> [Prompt] Leaving the pictures aside, transcribe only and exactly the lines from the one with "Монитор ЖК, системник" through the end of the entries, both included.

Extracted data entries
--
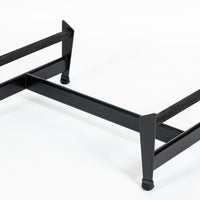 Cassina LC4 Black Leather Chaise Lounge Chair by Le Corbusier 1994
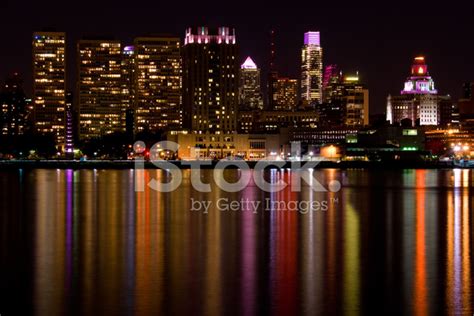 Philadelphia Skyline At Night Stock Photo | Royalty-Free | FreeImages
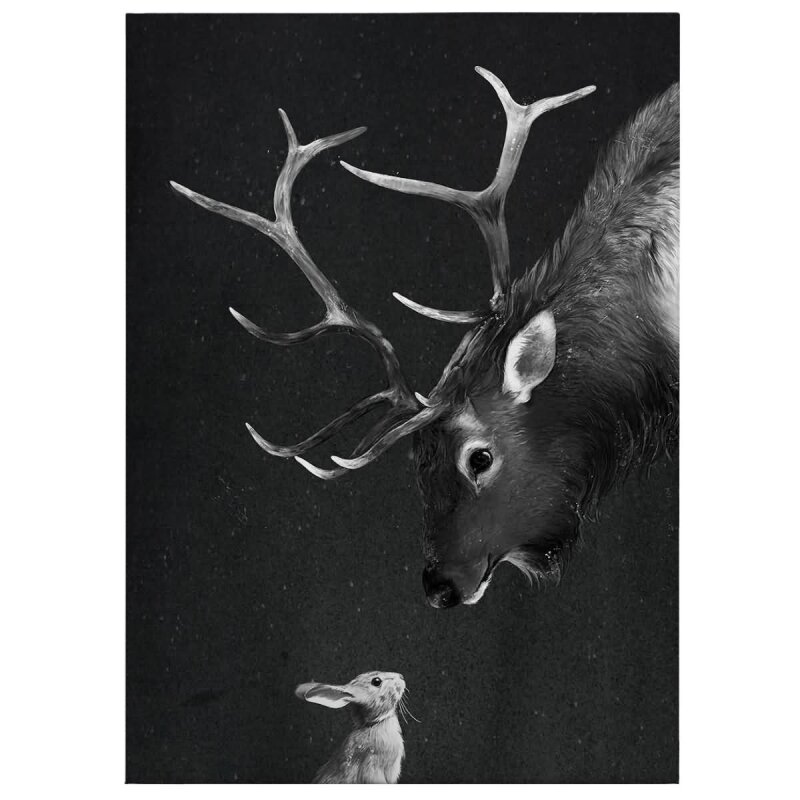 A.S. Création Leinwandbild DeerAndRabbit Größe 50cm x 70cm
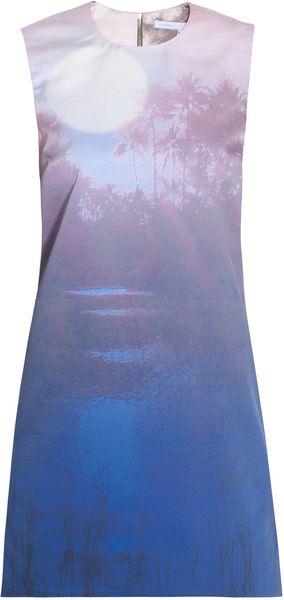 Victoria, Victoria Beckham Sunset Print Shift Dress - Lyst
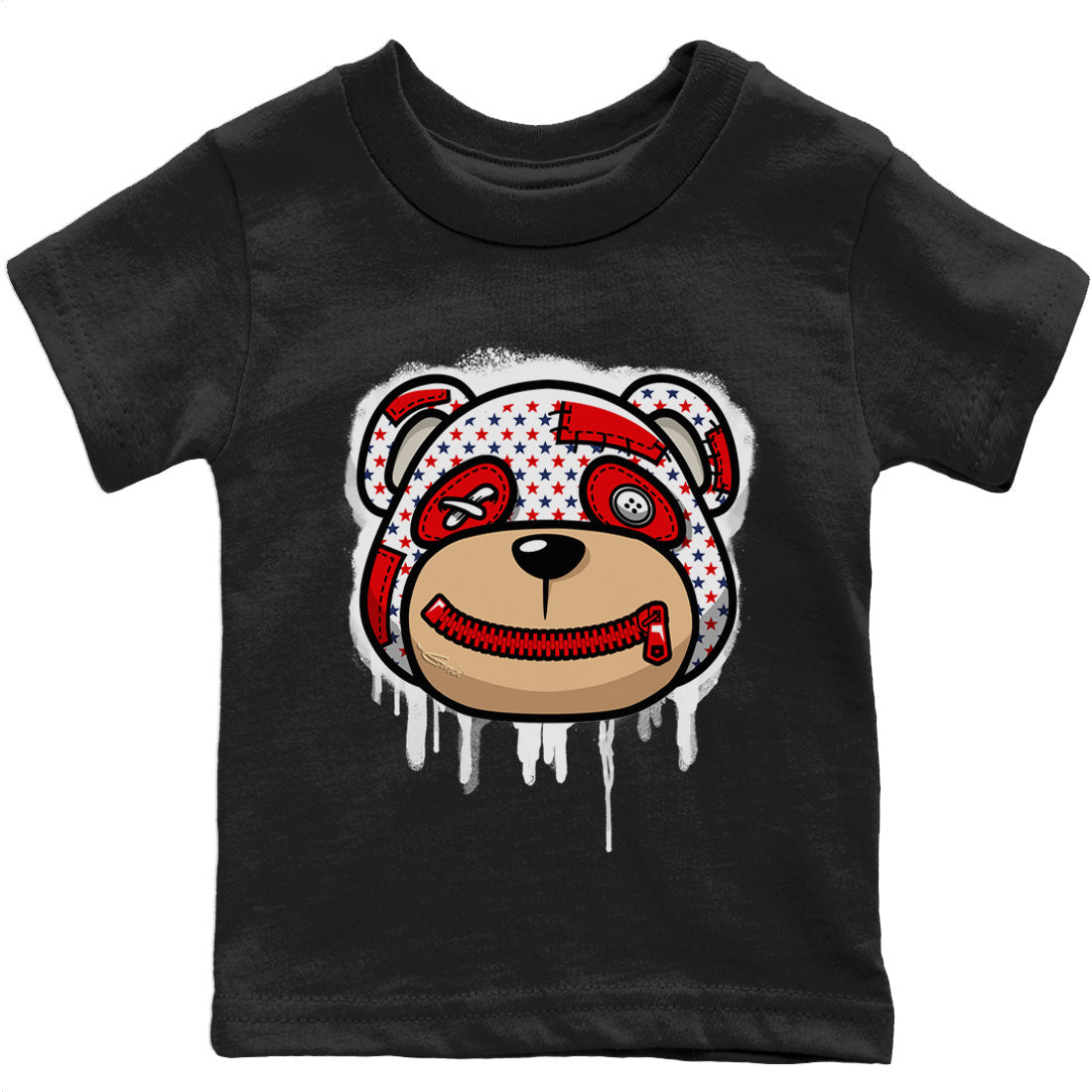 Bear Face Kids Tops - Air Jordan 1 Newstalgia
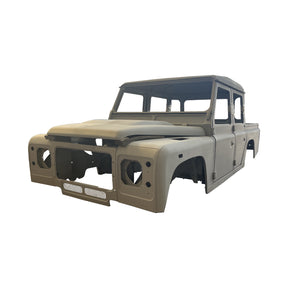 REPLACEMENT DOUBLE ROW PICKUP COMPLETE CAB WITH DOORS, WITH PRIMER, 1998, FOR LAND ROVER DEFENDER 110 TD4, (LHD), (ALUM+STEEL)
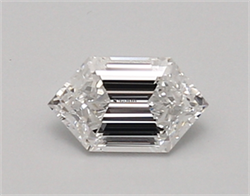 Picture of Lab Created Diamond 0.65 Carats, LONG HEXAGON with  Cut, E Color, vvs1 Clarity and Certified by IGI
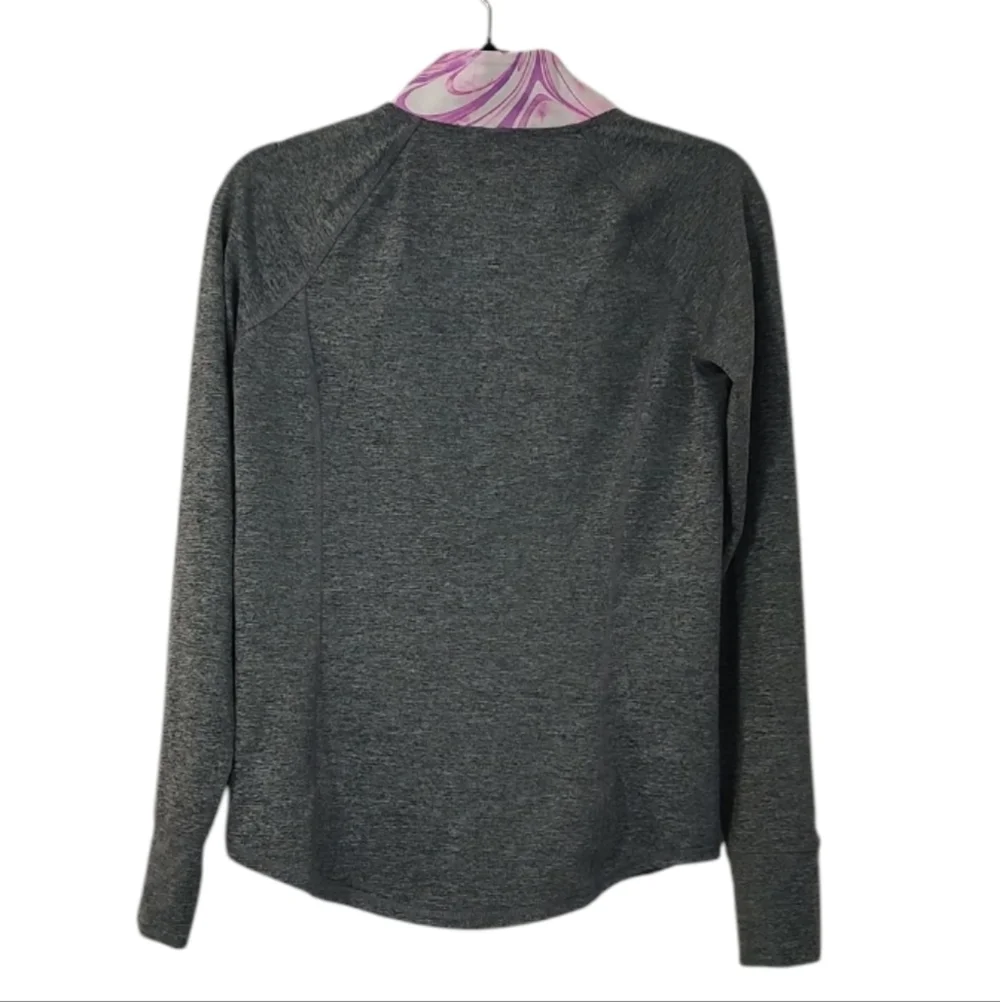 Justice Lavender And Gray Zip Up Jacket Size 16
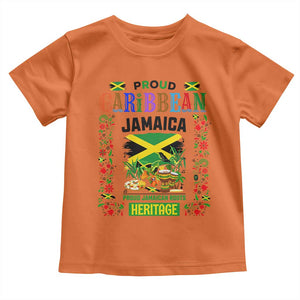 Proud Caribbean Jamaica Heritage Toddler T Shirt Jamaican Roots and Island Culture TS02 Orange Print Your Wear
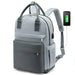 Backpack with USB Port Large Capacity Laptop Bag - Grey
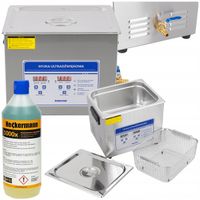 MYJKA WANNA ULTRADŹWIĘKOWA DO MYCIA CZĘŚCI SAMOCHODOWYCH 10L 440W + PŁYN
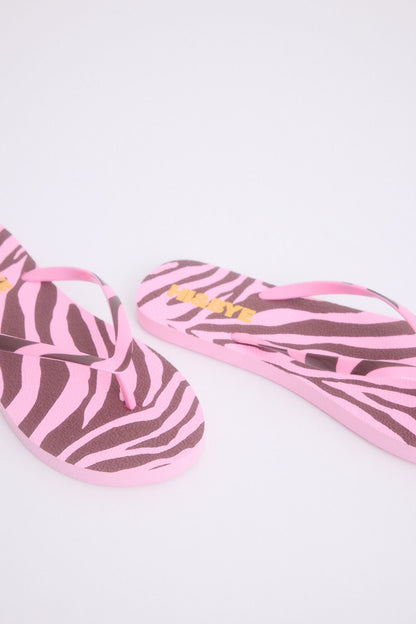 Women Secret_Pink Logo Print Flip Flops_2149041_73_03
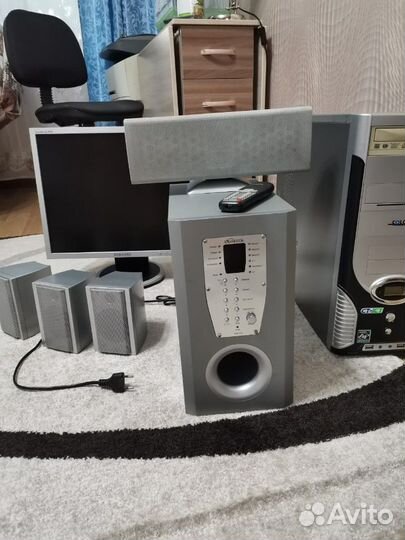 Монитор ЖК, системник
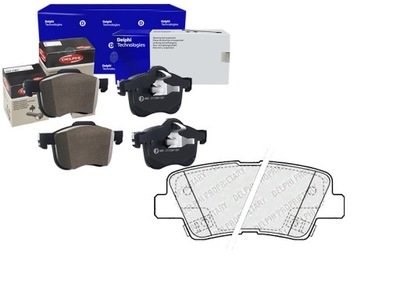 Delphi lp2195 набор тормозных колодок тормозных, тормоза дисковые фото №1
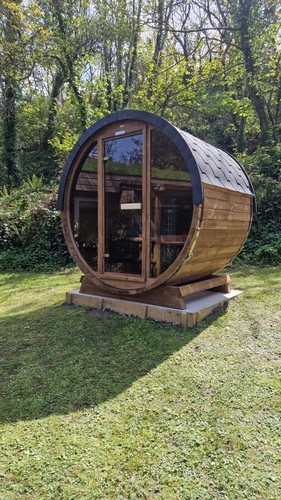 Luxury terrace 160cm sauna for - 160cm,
--
> [Expected answer]
 Монитор ЖК, системник
 Delphi lp2195 набор тормозных колодок тормозных, тормоза дисковые фото №1
 Luxury terrace 160cm sauna for - 160cm,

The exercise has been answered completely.